Thank you also to the newspapers (Oran and Reporter) who give us the opportunity to share our stories with their readers and help bring about an understanding of what we do and a glimpse into the life of the people of Zambia.  

Inverness County Cares (ICC) is a local charitable organization, founded in 2012 and based in Inverness County, NS, Canada. ICC works in partnership with Chalice.ca, a Canadian charity, based in Bedford, Nova Scotia. Chalice provides guidance and assistance to help ICC provide a better life for the children at the Kawambwa schools. The Kawambwa Project involves supporting two schools for albino and visually impaired students, in Northern Zambia. Inverness County Cares always welcomes new members. Individuals who wish to donate, can use the donate button on our website   https://invernesscountycares.com When using E-transfer, please include your mailing address for CRA tax receipts and a thank you message.   E-transfer address:  invernesscountycares@gmail.com or send a cheque to Inverness County Cares, 5414 Route 19, Judique, NS, Canada, B0E1P0. Taxation receipts provided.

 

Life and Work in Zambia

In Zambia, technology is scarce but skill, creativity and an unstoppable work ethic are abundant. The people here accomplish extraordinary things with the simplest of tools and a whole lot of fortitude.

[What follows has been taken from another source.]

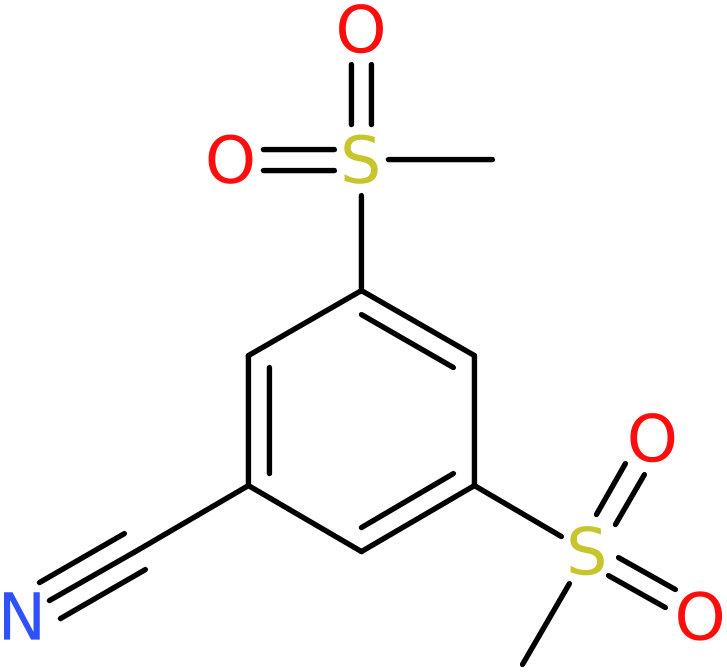 CAS: 849924-84-1 | 3,5-Bis(methylsulphonyl)benzonitrile, >95%, NX63745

Much of the country relies on subsistence farming. Imagine working sunbaked, sandy soil with nothing but a single tool: a long heavy hoe. There are no tractors, no mechanized help, just determination. Each day families walk kilometers to their fields, hoes slung over their shoulders, ready for hours of hard work. They grow enough food to feed their families and maybe have a little left over to sell at the market. The annual income for many of these hard-working farmers is around $400 Canadian dollars.

At the schools, even the grass cutting reveals the same blend of necessity and ingenuity. To keep dangerous snakes at bay, workers use ‘slashers’, long blades shaped like a small hockey stick, to manually cut grass. With one arm swinging in rhythmic relentless motion, the job gets done.

The schools also grow their own produce and raise poultry to feed both children and staff. Without refrigeration, food is sourced daily. When Winnie requested chicken for her cooking class, she didn’t expect to be greeted the next morning by live protesting chickens, but that’s how things work here. Everything is fresh and nothing comes easy.

Two volunteers, John Gillies and John MacInnis, partnered with local tradespeople to help improve the schools’ infrastructure. The word that best captures the spirit of the Zambian workers is MacGyver, making, fixing and inventing with whatever is at hand. The pair were amazed at the clever solutions they witnessed, building, patching and repairing using scraps, resourcefulness and pure willpower.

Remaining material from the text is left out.